(DATASET EXTRACT Opens)

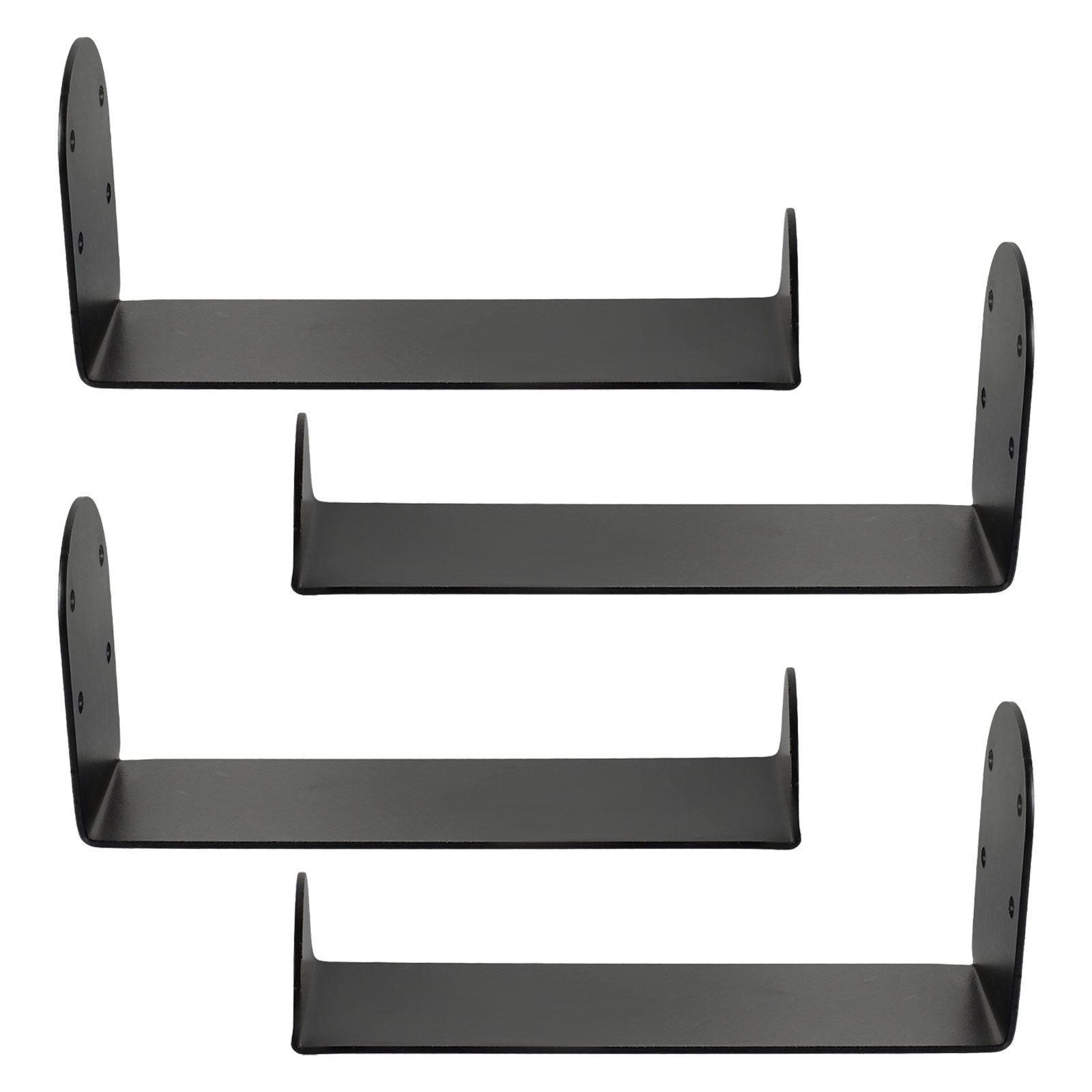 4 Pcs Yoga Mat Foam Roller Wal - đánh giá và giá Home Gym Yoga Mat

(DATASET EXTRACT Closes)
(DATASET EXTRACT Opens)

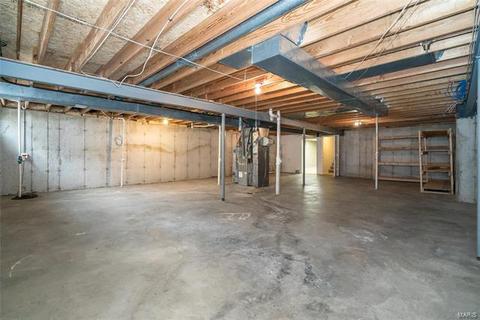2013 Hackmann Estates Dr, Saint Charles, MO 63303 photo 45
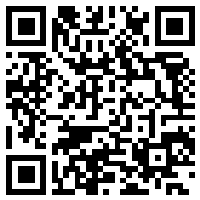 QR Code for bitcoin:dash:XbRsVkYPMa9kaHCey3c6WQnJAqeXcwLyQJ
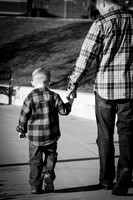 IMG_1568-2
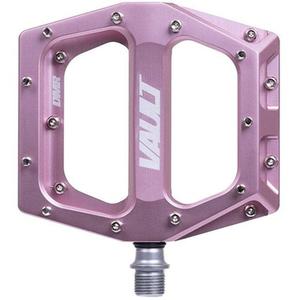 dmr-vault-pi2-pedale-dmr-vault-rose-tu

(DATASET EXTRACT Closes)

*PROMPT*. Both boundary lines included, write out word for word only the lines above from the one containing "QR Code for" to the one containing "dmr-vault-pi2-pedale-dmr-vault-rose-tu", leaving out any pictures.

*EXERCISE OUTPUT*.
 QR Code for bitcoin:dash:XbRsVkYPMa9kaHCey3c6WQnJAqeXcwLyQJ
 IMG_1568-2
 dmr-vault-pi2-pedale-dmr-vault-rose-tu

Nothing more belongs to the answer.